Wednesday, August 22, 2012

Here's How It Works

I would take more seriously all of this very inspirational, newfound worry about Ecuadorian press freedoms and Russian free speech rights [aiming accusations of hypocrisy at Julian Assange] on the part of Western media figures if they evinced any similar interest in infringements and abuses by their own governments and their allies.

[...]

[A]ttacks on protesters by US-supported regimes in Bahrain and Saudi Arabia are typically described by western media outlets with the innocuous-sounding, both-sides-are-to-blame term "clashes with rebels", while villain-of-the-moment regimes in Iran, Syria or Libya are said to be slaughtering their own citizens. [...A]rming Syrian rebels to enable them to defend against regime oppression is conventional wisdom, whereas arming Palestinian rebels to defend against Israeli violence is criminal.

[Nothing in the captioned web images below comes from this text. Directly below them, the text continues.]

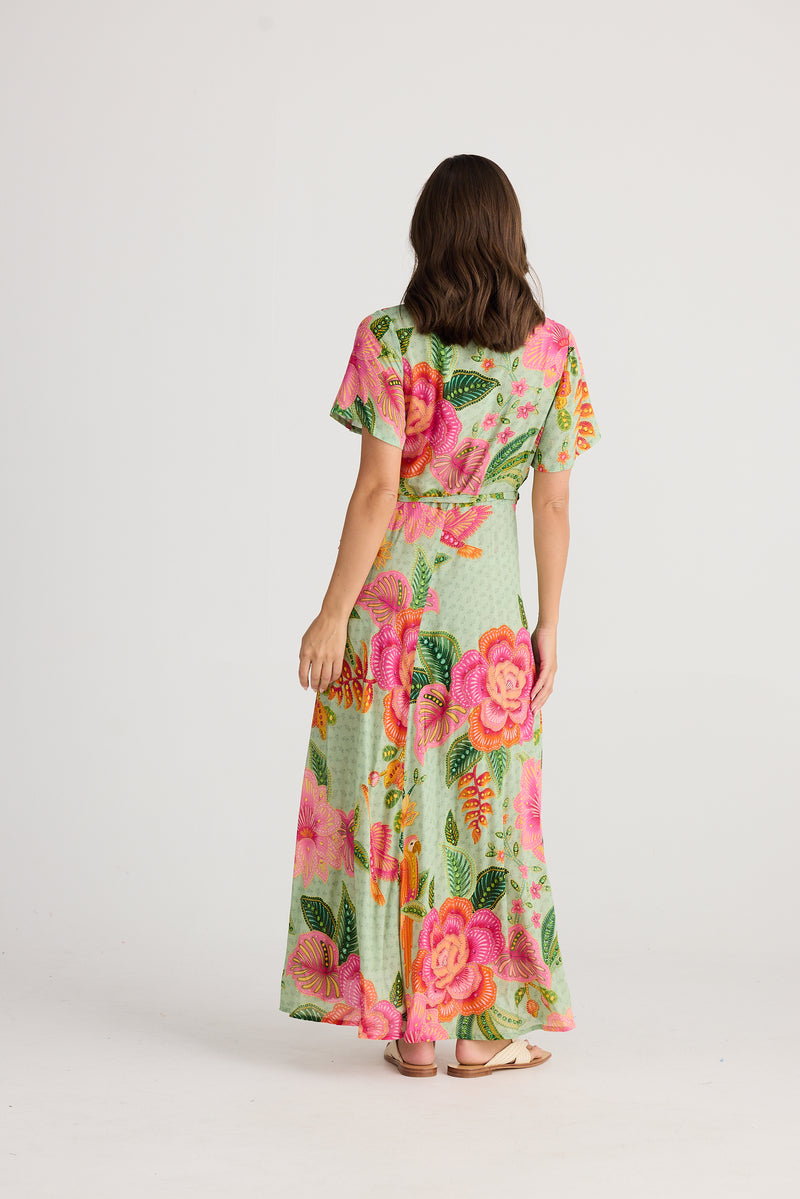 Holiday Tropics Wrap Dress in Pasito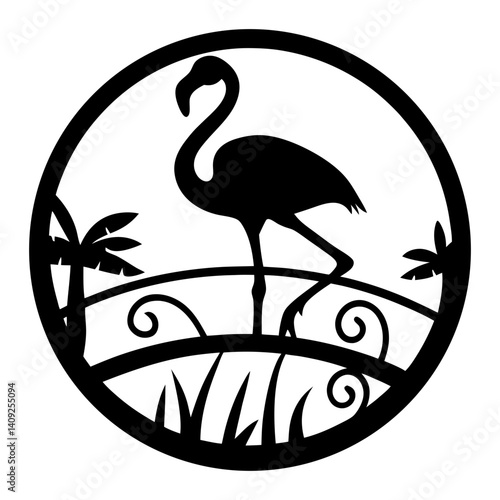 Elegant Flamingo Silhouette within a Circular Tropical Paradise Illustration Design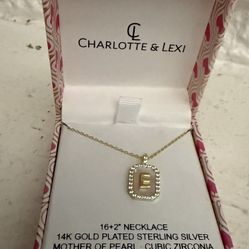 CHARLOTTE &LEXI 16+2" NECKLACE 14K GOLD PLATED STERLING SILVER MOTHER OF PEARL • CUBIC ZIRCONIA Brand new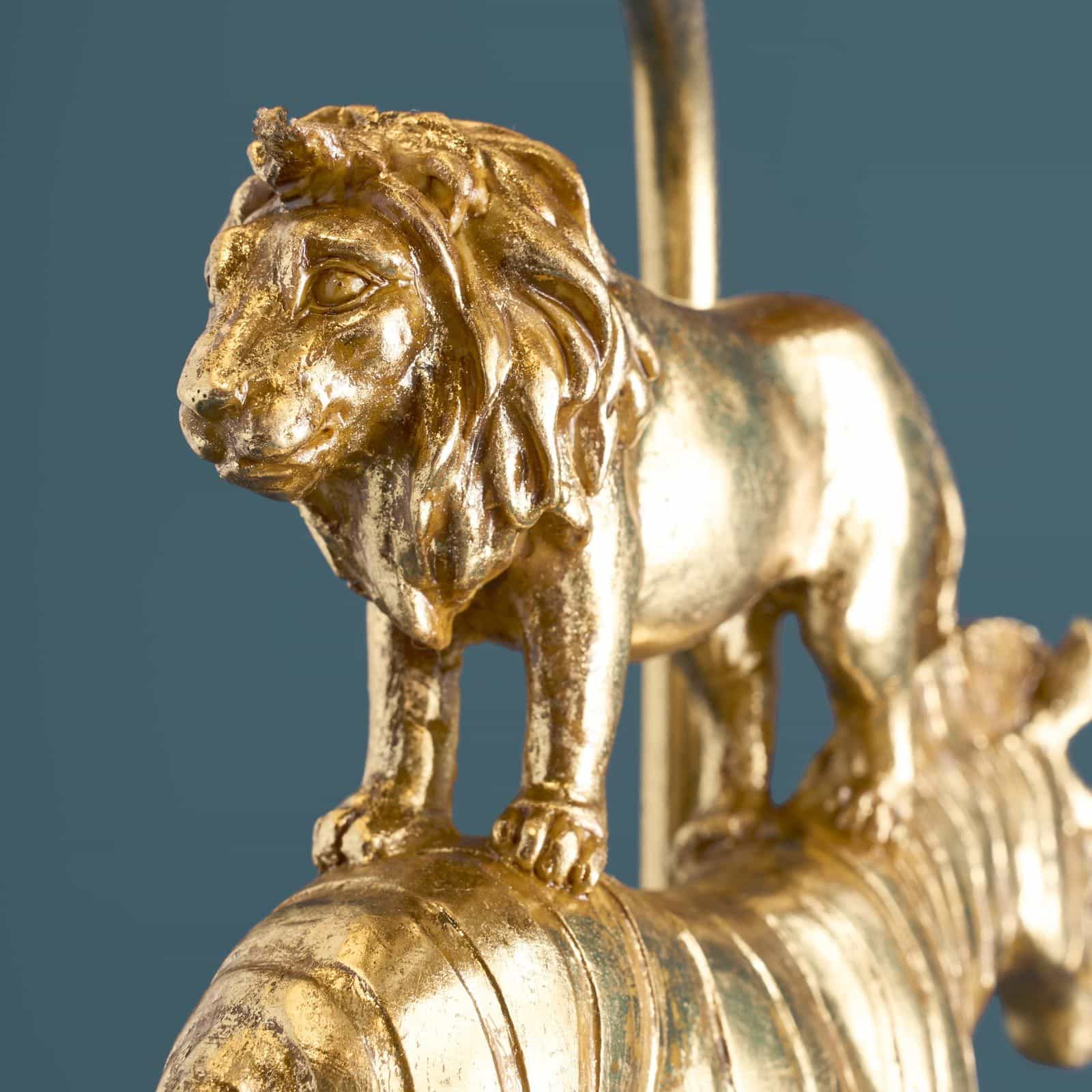 Table lamp Safari with lion, zebra, elephant, gold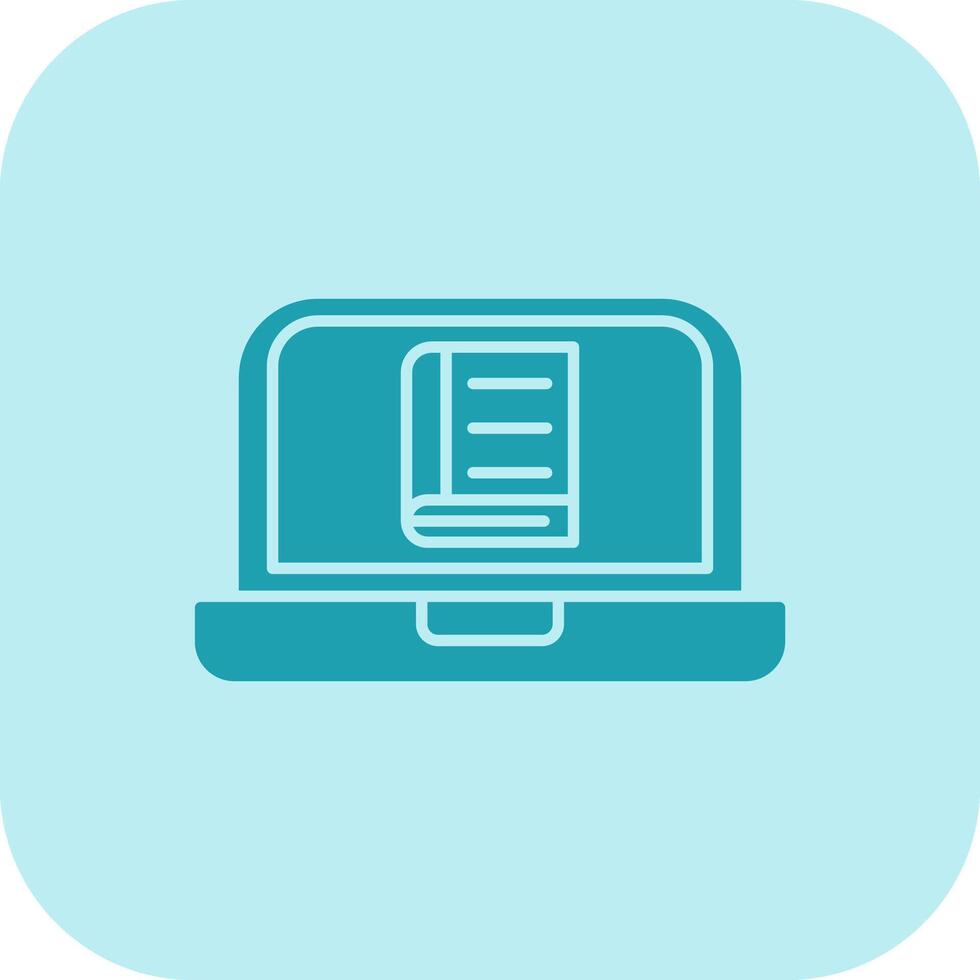 Online Learning Glyph Tritone Icon vector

The classic case of this dynamic is the outburst of indignation in 2003 over – all together now – Saddam's "gassing of his own people": something he had done 15 years earlier, in 1988, when the US was arming and funding him and had multiple interests in its relationship with Iraq, and thus evinced little care about any of that. It was only when it was time to demonize Saddam in order to justify the attack did western governments and their media outlets suddenly discover their retroactive rage over those crimes.

[...]

For seven years, the US imprisoned an al-Jazeera cameraman, Sami al-Haj, at Guantánamo with no charges and spent most of that time interrogating him not about al-Qaida, but about al-Jazeera. With very few exceptions, American media figures failed even to mention, let alone condemn, the due process-free imprisonment of this journalist by their own government. The same silence characterized their reaction to the imprisonment of other Muslim journalists over the last decade by the US government.

By very stark contrast, when Iran imprisoned the Iranian-American journalist Roxana Saberi on espionage charges before releasing her five months after her arrest, countless American journalists and self-styled human rights advocates in the media were so very proud of their bold denunciation of the distant Iranian regime, turning the Saberi case into a cause celebre. Exactly the same thing happened with the 2009 conviction and imprisonment by North Korea of American journalists Euna Lee and Laura Ling: American journalists so courageously condemned the tyranny of North Korea.

  Glenn Greenwald

Greenwald also points out the west's media outrage at the recent sentencing of the Russian band Pussy Riot for its protest against Putin while giving a pass to the US authority's violent treatment of the peaceful protesters of the Occupy movement here.

...but hey, do what you want...you will anyway.